It may be cool and relaxing on a hot summer day, but even a pool that looks clean can be swimming with microscopic parasites.

Consumer Reports dives into a common cause of swimming-related illnesses and what you can do to avoid it.

When it comes to pools, you never know what kind of germs and parasites may be lurking below the surface.

"E. coli, Giardia, Campylobacter, Norovirus. There's a lot," said Catherine Roberts, Consumer Reports Health Editor.

The most common culprit when it comes to swimming-related illnesses is Cryptosporidium, or Crypto for short. It's spread through fecal matter. Even a small amount can contain millions of germs.

"If a child has an accident in the pool or there's any type of elimination in the pool, we know that we have to treat it right away," said Vincent Groppa of Gunite Pools, who has been in the pool business for 35 years.

Regular levels of chlorine won't kill Crypto, which can survive in a well-maintained pool for up to ten days. It's also easy to catch.

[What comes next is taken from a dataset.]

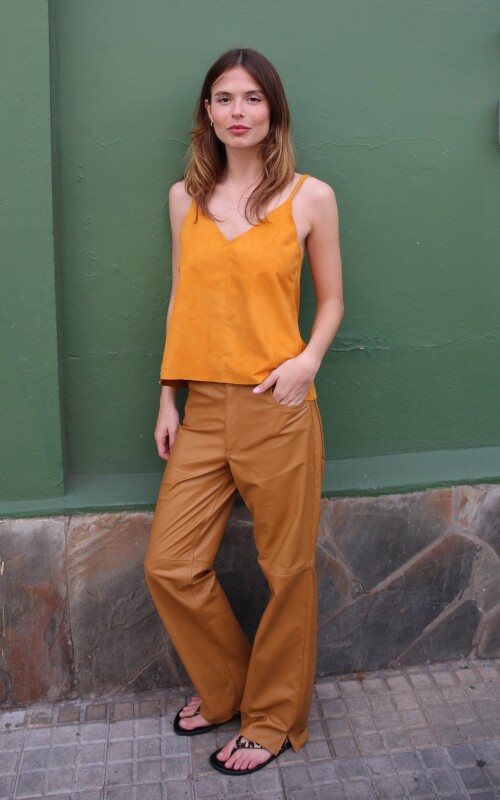 PANTALON WINDY CAMEL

The CDC said swallowing even a mouthful of water infected with Crypto can lead to weeks of diarrhea, nausea and vomiting.

"They should not be swallowing the water and they shouldn't be going to the bathroom in the pool," Roberts said.

To protect yourself and your family, make sure anyone who swims in your pool follows some simple guidelines.

"Anyone who is experiencing diarrhea or has been sick should not swim. Have people take a shower or at least rinse off before they swim," Roberts said.

Also have kids take frequent bathroom breaks to reduce the risk of accidents. That goes for babies as well.

"Those swim diapers are not foolproof," Roberts said.

Groppa said if fecal matter does get into the pool, don't take any chances.

"Everybody out of the water. Shut it down," Groppa said.

The only way to effectively kill Crypto, he said, is to have a professional super-chlorinate the water and then slowly bring it back to normal levels again. The process can take at least eight hours.

"It's like a supergerm, you know, so that's the only way to take it out of the pool," Groppa said.

If you've gotten sick after swimming, your doctor can run tests to see if Crypto is the cause. If it is, the CDC said you should wait a full two weeks after the diarrhea has stopped before you get back in a pool.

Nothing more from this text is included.